> **What is needed**
Produce the records below again, word for word, but stop after the line that contains "Two men playing".

> **Given data**

>>>

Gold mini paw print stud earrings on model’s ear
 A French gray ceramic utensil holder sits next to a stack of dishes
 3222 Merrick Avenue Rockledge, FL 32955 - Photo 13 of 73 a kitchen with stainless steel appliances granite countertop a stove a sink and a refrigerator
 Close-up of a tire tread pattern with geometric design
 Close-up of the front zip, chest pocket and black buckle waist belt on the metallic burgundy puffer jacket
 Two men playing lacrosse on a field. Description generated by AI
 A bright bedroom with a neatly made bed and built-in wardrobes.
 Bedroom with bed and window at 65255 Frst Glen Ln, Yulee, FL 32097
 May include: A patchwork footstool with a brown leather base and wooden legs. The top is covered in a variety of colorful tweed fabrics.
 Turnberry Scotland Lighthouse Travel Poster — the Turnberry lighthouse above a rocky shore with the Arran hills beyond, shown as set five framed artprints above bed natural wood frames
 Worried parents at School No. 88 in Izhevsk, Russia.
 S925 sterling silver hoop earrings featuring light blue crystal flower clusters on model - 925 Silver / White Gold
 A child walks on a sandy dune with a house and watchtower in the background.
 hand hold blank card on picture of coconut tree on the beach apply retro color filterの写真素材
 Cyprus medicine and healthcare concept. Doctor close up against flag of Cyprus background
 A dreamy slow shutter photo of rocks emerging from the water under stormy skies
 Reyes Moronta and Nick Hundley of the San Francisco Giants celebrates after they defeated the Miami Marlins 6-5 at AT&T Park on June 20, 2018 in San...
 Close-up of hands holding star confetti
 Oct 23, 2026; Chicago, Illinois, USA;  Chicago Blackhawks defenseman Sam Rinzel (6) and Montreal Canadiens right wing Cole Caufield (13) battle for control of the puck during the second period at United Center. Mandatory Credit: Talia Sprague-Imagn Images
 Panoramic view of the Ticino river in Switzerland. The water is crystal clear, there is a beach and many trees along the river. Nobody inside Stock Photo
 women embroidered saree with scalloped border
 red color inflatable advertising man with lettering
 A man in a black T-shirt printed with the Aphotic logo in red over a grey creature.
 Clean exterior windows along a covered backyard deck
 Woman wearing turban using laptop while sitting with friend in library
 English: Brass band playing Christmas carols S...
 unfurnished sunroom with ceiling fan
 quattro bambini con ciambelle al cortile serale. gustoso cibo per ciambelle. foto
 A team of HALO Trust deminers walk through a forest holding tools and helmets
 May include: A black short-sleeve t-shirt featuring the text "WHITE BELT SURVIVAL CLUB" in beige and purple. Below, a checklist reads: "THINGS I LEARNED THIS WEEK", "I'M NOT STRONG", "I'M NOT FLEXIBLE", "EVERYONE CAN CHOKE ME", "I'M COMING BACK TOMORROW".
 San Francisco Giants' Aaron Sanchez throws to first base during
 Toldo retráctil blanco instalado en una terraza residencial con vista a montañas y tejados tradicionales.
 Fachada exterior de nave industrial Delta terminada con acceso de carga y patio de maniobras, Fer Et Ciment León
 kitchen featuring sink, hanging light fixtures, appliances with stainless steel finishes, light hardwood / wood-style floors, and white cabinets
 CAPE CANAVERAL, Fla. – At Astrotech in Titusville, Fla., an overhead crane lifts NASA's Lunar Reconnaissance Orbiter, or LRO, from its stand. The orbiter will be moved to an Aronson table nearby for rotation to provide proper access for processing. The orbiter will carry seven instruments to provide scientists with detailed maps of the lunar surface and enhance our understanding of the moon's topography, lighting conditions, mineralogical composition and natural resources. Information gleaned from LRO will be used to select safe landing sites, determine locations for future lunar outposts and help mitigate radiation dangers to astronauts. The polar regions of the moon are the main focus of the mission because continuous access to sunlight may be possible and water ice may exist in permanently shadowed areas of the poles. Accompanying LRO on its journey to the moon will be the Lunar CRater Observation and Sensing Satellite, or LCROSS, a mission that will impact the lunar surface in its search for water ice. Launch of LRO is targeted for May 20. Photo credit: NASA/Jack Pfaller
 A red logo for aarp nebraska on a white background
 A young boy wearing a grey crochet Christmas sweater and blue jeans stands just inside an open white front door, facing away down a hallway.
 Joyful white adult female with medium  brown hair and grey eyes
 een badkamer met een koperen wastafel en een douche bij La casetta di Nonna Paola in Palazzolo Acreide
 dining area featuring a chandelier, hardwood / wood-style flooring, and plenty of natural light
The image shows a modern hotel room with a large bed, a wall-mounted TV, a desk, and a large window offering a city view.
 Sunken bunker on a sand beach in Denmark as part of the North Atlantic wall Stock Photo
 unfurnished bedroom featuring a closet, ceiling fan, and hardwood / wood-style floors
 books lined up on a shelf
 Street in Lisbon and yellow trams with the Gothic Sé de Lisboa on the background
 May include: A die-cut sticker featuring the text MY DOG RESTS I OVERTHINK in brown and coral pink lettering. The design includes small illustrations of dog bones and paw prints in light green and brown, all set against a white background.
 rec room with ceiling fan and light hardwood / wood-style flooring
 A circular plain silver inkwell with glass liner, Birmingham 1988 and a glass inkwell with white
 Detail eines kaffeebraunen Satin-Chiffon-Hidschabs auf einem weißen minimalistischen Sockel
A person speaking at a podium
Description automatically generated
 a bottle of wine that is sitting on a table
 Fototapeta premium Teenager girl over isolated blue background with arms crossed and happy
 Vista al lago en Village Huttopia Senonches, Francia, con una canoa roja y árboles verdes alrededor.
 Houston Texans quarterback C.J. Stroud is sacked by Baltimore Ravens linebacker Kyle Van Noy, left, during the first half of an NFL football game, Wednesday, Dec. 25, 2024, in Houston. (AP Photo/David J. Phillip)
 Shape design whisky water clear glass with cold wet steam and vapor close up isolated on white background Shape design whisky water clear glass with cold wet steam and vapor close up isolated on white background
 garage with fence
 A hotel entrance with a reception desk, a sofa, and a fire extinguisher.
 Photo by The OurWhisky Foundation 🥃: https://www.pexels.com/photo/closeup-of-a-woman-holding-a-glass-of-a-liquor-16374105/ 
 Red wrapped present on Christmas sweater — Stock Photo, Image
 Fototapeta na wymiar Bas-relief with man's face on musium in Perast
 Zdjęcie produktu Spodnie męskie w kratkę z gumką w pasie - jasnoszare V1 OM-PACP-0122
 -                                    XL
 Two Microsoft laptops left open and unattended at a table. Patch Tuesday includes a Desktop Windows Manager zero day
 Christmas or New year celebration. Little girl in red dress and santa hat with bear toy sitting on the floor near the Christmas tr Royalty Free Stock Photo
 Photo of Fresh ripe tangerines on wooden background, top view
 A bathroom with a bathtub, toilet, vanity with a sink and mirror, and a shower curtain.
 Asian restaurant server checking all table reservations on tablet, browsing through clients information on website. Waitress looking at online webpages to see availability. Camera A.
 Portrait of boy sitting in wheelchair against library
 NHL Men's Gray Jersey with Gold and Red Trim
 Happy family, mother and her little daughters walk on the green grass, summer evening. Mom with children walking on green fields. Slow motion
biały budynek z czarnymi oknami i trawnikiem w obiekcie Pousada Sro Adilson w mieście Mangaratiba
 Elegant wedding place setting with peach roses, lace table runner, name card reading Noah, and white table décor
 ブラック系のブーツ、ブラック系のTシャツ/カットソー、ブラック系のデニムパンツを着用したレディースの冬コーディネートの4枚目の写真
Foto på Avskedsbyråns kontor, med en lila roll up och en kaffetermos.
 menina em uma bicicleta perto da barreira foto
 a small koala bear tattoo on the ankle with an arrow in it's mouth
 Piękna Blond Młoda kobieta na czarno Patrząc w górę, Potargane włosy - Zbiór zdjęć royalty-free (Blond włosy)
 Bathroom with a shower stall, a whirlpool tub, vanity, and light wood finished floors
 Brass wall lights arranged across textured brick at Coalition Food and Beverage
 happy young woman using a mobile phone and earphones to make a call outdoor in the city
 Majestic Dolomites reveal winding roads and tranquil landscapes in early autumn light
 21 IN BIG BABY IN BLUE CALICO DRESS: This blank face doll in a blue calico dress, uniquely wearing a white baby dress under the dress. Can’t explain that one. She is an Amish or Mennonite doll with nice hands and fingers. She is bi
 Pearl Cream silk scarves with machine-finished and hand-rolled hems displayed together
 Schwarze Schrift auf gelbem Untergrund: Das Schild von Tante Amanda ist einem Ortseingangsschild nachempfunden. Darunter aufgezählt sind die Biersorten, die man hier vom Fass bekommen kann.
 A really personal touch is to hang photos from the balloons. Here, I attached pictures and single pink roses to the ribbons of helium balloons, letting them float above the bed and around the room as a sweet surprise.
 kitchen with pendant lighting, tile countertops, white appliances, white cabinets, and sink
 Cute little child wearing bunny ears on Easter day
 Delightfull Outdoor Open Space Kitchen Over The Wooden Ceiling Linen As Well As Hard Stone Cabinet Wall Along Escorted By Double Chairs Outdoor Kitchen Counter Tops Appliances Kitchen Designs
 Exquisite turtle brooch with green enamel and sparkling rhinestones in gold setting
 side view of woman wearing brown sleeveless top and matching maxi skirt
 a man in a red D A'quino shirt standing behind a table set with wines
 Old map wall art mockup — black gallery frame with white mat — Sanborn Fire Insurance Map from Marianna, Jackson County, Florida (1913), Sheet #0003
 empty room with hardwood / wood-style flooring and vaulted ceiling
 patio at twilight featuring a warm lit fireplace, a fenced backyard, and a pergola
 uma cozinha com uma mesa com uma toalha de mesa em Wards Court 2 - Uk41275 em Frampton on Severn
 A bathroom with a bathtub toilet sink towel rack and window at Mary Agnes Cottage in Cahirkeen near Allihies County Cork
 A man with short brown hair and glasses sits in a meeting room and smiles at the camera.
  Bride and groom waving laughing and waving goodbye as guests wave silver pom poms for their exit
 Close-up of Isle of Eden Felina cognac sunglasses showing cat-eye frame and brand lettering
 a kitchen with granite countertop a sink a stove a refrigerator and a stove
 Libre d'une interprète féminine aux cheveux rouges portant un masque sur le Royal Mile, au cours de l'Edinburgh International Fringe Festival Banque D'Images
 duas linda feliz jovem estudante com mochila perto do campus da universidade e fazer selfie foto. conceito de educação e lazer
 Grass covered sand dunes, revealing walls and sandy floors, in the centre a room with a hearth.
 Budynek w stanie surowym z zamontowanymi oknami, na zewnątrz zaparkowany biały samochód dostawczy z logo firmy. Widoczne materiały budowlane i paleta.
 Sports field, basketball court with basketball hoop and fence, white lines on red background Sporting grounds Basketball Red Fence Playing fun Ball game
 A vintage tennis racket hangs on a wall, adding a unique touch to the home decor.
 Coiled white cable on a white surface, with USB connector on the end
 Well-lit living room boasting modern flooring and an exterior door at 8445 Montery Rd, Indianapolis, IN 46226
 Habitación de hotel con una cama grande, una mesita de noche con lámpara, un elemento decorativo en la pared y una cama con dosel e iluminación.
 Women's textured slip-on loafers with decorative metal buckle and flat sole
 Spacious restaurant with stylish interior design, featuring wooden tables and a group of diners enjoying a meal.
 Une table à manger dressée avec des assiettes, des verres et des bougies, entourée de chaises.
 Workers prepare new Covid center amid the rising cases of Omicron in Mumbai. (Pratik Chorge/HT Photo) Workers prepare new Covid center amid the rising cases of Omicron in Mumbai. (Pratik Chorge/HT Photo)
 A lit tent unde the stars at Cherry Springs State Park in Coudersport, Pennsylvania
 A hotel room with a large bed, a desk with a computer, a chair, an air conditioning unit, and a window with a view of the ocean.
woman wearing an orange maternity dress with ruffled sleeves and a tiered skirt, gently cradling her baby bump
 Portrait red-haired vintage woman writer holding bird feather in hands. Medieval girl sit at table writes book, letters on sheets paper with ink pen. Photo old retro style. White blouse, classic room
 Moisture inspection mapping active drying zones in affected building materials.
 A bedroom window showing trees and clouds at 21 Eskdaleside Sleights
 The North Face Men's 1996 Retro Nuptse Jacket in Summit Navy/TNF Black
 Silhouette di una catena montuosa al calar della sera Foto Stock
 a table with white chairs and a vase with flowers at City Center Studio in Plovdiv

<<<

> **Reply to the exercise**
Gold mini paw print stud earrings on model’s ear
 A French gray ceramic utensil holder sits next to a stack of dishes
 3222 Merrick Avenue Rockledge, FL 32955 - Photo 13 of 73 a kitchen with stainless steel appliances granite countertop a stove a sink and a refrigerator
 Close-up of a tire tread pattern with geometric design
 Close-up of the front zip, chest pocket and black buckle waist belt on the metallic burgundy puffer jacket
 Two men playing lacrosse on a field. Description generated by AI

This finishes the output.